Of course, having just used the aggregate method, \$2 would be a good guess (though not a guarantee — maybe we run out along the way at some point, even though there is enough money later).

What happens on an increment?  Some number of low-order bits, say m (perhaps m = 0) change from 1 to 0, then the m-th bit changes from 0 to 1. We charge \$2 to each increment operation. We pay for flipping the m-th bit from 0 to 1 with \$1 of those \$2. The other \$1 we leave at the m-th bit for later use. For the m bits we had to change from 1 to 0, we pay for those with the \$1 left at those bits by previous operations.

In other words, we maintain the invariant that every 1-bit has \$1 associated with it that it can use the next time it has to flip back to 0.

This shows that the amortized cost of the increment is 2, and the overall time is O(n) for n increments.

## Queue

Earlier in the semester we saw a way of implementing a queue (FIFO) using two stacks (LIFO).  Say that our stack has three operations, push, pop and empty, each with cost 1.

We saw that a queue can be implemented as

• enqueue(x): push x onto stack1
• dequeue(): if stack2 is empty then pop the entire contents of stack1 pushing each element in turn onto stack 2.  Now pop from stack2 and return the result.

We've seen earlier that this algorithm is correct, now we will consider the running time in more detail.

A conventional worst case analysis would establish that dequeue takes O(n) time, but this is clearly a weak bound for a sequence of operations, because very few dequeues actually take that long.  Thus O(n2) is not a very accurate characterization of the time needed for a sequence of n enqueue and dequeue operations, even though in the worst case an individual dequeue can take O(n) time.

To simplify the amortized analysis, we will consider only the cost of the push and pop operations and not of checking whether stack2 is empty.

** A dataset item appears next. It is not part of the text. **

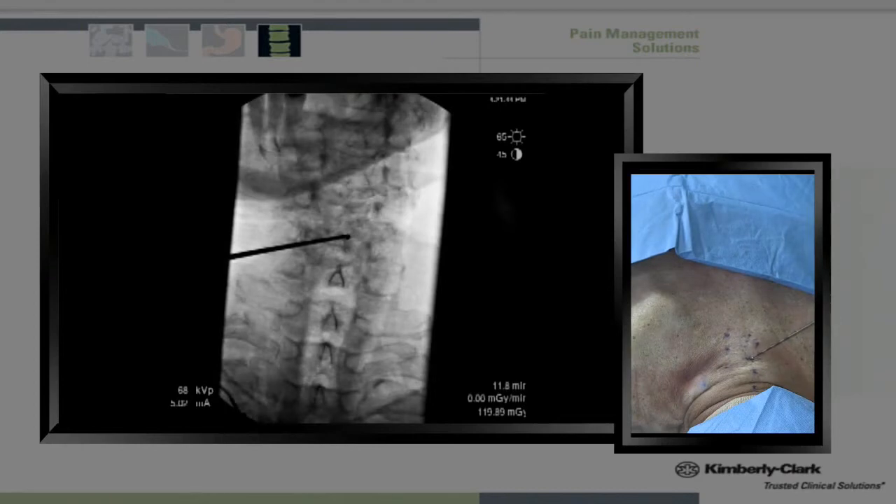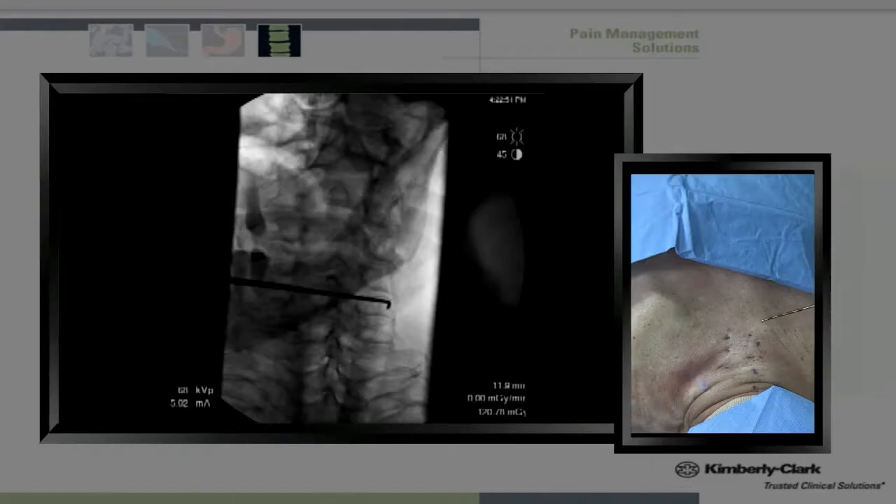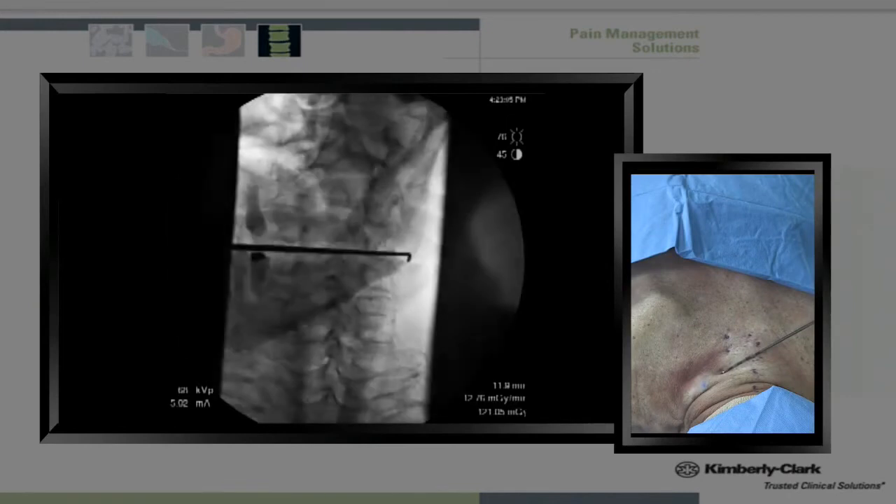Thus, we will give ourselves approximately a 20-degree caudal tilt. This caudal tilt then demonstrates our pillar view. Here is C6, C5, and C4.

Aggregate method.  Each element is clearly pushed at most twice and popped at most twice, at most once from each stack.  If an element is enqueued and never dequeued, then it is pushed at most twice and popped at most once. Thus the amortized cost of each enqueue is 3 and of each dequeue is 1.

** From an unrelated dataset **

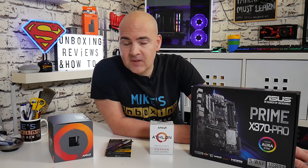Hi, this is Mike from Mike's Unboxing Reviews on How To, and today we're going to answer that age-old question: will my processor work with this motherboard? Keep watching to find out more.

Banker's method. Each enqueue will be charged \$3. This will cover the \$2 cost of popping it and pushing it from stack1 to stack2 if that ever needs to be done, plus \$1 for the initial push onto stack1.  The dequeue operations cost \$1 to pop from stack2.

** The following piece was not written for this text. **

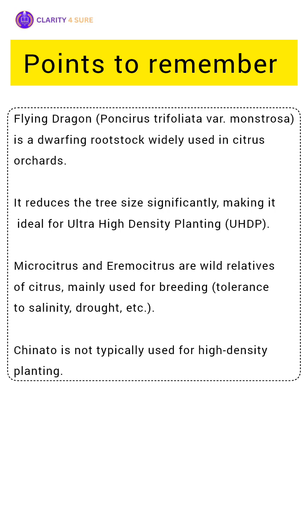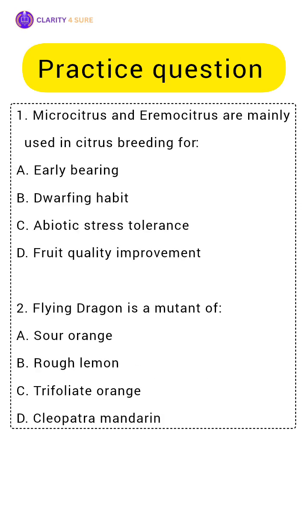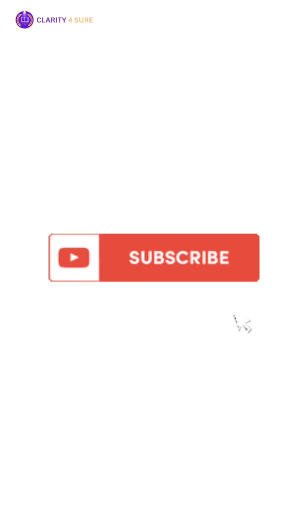Now, let us look at some practice questions. No. 1: Micro Citrus and Eremo Citrus are mainly used in citrus breeding for? No. 2: Flying Dragon is a mutant of? Write your answer in the comment section and don't forget to hit the subscribe button.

Note that the analysis in both cases seems to charge more for storing than removing, even though in the code it is the other way around.  Amortized analysis bounds the overall sequence, which in this case depends on how much stuff is stored in the data structure.  It does not bound the individual operations.

## Potential Functions (Physicist's Method)

This is a more formal version of the banker's method.  Instead of distributing money across items in the data structure, we will keep money in a piggy bank, as what's really important is that we have enough money to pay for operations as they happen.  The amount of money in the bank depends only on the current state of the data structure. This is the value of the potential function Φ.

For each of the problems considered above we can write down a potential function. For the counter problem,

Φ(counter) = number of 1 bits in the counter.

For the queue implemented with two stacks,

Φ(queue) = 2 * size of stack 1.

If the data structure changes from state S to state S' as the result of doing some operation, the amortized cost of the operation is defined as

amortized cost = actual cost + Φ(S') − Φ(S),

which is simply the amount of additional money that we need to maintain our piggy bank and pay for the work.

If the potential is nonnegative and starts at 0, then the sum of the actual costs is bounded by the sum of the amortized costs.